When Jhorna first got married, she was dependent on her husband. She was not allowed to go anywhere without being accompanied by a family member. However, back in 2007, just after cyclone Sidr, she was trained by Practical Action on agriculture cultivation and started growing vegetables in her house. During cyclone Aila, all of Jhorna’s families and her neighbour's crops and vegetables died due to excessive saline water. That time Jhorna had to go outside to collect water and relief. Jhorna’s family had suffered for over a year since the cyclone Aila had hit, but its aftermath helped her to become an independent woman. As her family couldn't continue the agricultural work due to excessive salinity, her husband had started to work as day labour and she started to attend several training sessions on alternative livelihood practice offered by different NGOs namely Shushilon, Practical Action, Oxfam, Gono Mukhi and others. Because she realized the importance of training sessions from her previous training experience which she gained from Practical Action. Through these training sessions, she learned how to grow rice; fish and vegetables in saline areas; which kinds of beds would be good to; use for planting vegetable; how to plant seeds in beds and sacks; how to make organic fertilizer and pesticide; which fertilizers to use in each season; which crops to harvest; which repellent to use for insects; and how to increase the crop production. She also learned how to keep her poultry healthy by using more nutritious food rather than medicine. Then she started getting involved with multiple income-generating activities by staying at home. Her knowledge acquired from various training had helped her to become capable of successfully growing vegetables and other plants in saline soil. Now her family is also adopting these techniques to produce saline tolerant rice seeds. 

Now Jhorna has started to earn more than her husband and has gained decision making power in her household through her economic empowerment. Her husband respects her advice and opinions, he looks up to her and consults with her. Now no one stops her to go anywhere or to do anything. Day by day, her confidence has increased now she not only raises livestock and poultry but for the last one year she has started raising pigeons.

She is a member of the managing committee of a primary school. She learned a lot at different meetings and that is how she increased her self-confidence. Now she can raise her voice without any fear. Everybody listens to her, including government members. That’s why she’s become more interested in working with the local government. She goes to a monthly meeting at the Village Development Committee where they discuss all the problems of the village, write them down, and hand them over to the chairman or members of the local government.

Her father-in-law is now her biggest support. When she has to attend a meeting, her father-in-law helps out with housework.
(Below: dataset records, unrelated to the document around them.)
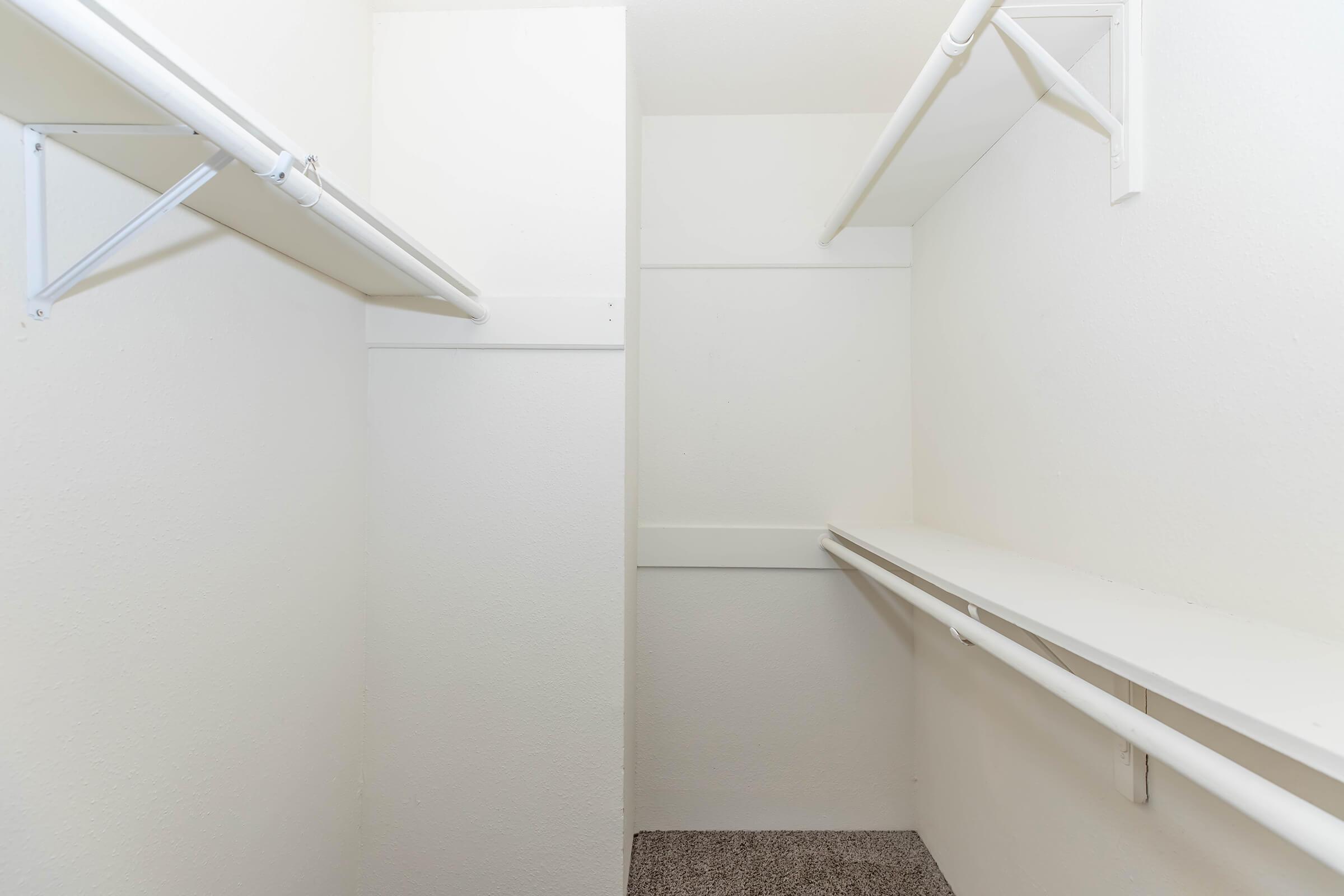 Empty closet with white walls and a grey carpet. There are two hanging rods on opposite walls and a shelf along one side, providing ample storage space. The overall appearance is clean and tidy, with a minimalist design.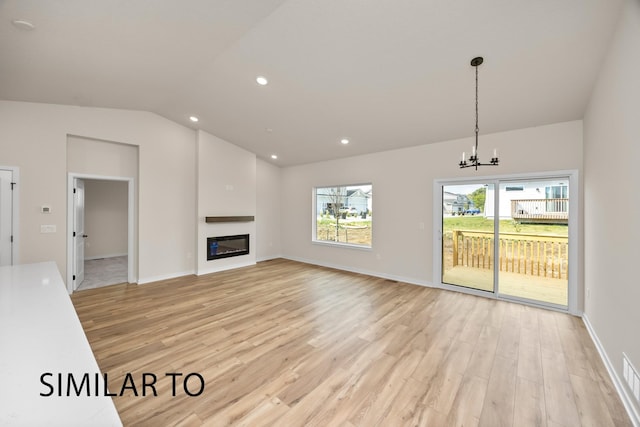 unfurnished living room with light wood-type flooring, a notable chandelier, a glass covered fireplace, and vaulted ceiling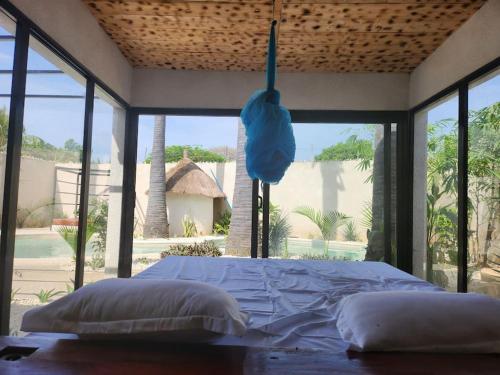 Ce lit se trouve dans un dortoir doté d'une grande fenêtre. dans l'établissement Tiny Villa Votre Villa Privatisée, à Ndangane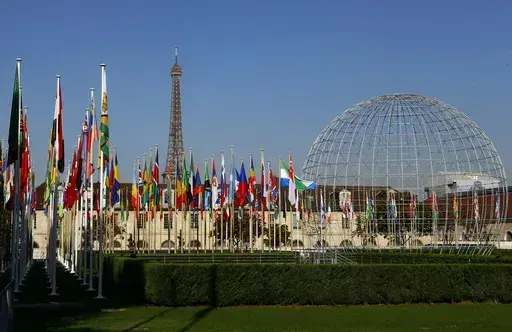 The Eiffel Tower, country flags and the Dome are seen from the garden of the United Nations Educational, Scientific and Cultural Organisation (UNESCO) headquarters building during the 39th session of the General Conference at the UNESCO headquarters in Paris. The United States is ready to rejoin the U.N. cultural and scientific agency UNESCO – and pay more than $600 million in back dues -- after a decade-long dispute sparked by the organization's move to include Palestine as a member. (AP Phot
According to her father-in-law, ‘My daughter-in-law has gone to work for the good of my family, and if I do not support her a little, she will not be able to improve her life. Although I used to be very angry with her going outside at the beginning, I now understand that she learns a lot from these meetings, that are helping to solve our financial problems’.
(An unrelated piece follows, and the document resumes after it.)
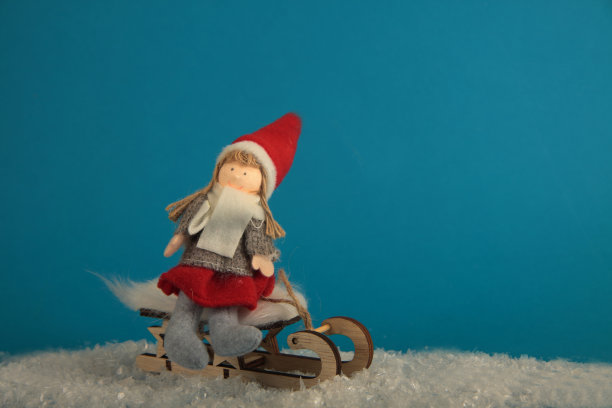 圣诞精灵在蓝色背景上孤立的雪橇上。冬天的概念。水平的形象图片下载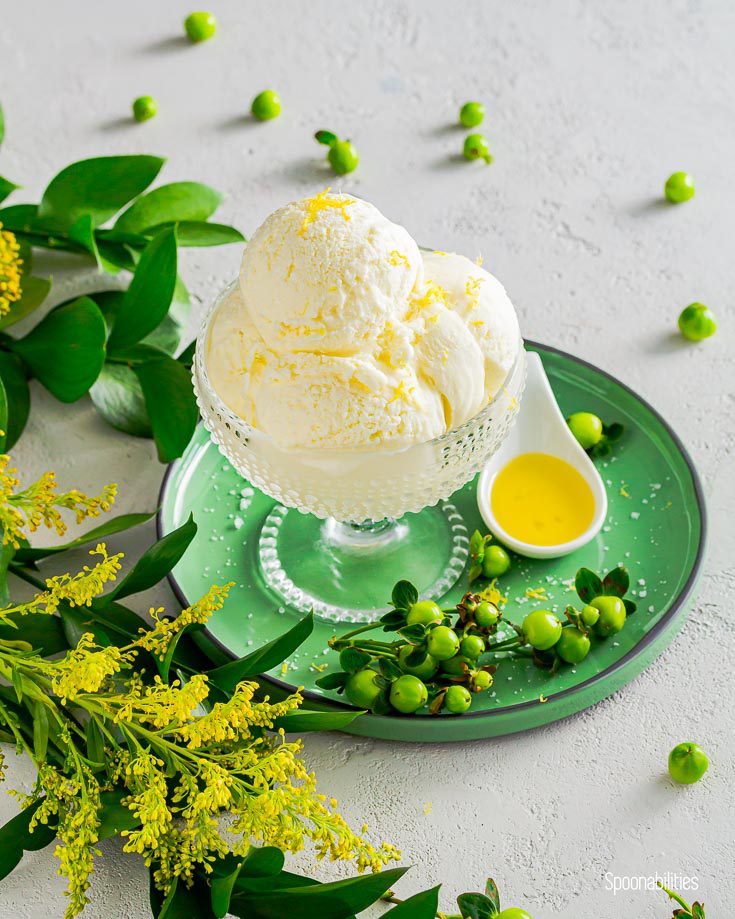 Glass dessert bowl on a green round plate with three ice cream scoop with extra virgin olive oil. Spoonabilities.com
In the future, she dreams that her three daughters will be highly educated. She believes that none can develop their life without education. She also wants to train her neighbours and wants to start a large poultry farm with hens, ducks and pigeons. Besides, she has a plan to increase her soft crab farming work.

Jhorna’s Story reiterates the never-ending perseverance and aspirations of our rural women who have used their knowledge gained to become empowered. These independent individuals are contributing to helping their families and communities break free of their vulnerabilities to climate change. However, more training with future adaptation plans can be useful to minimize the vulnerability to both disaster and climate change.

Mahmuda Mity is working as a research officer at the International Centre for Climate Change and Development (ICCCAD). Her research interest lies in climate change and adaptation, capacity building, migration and urbanization.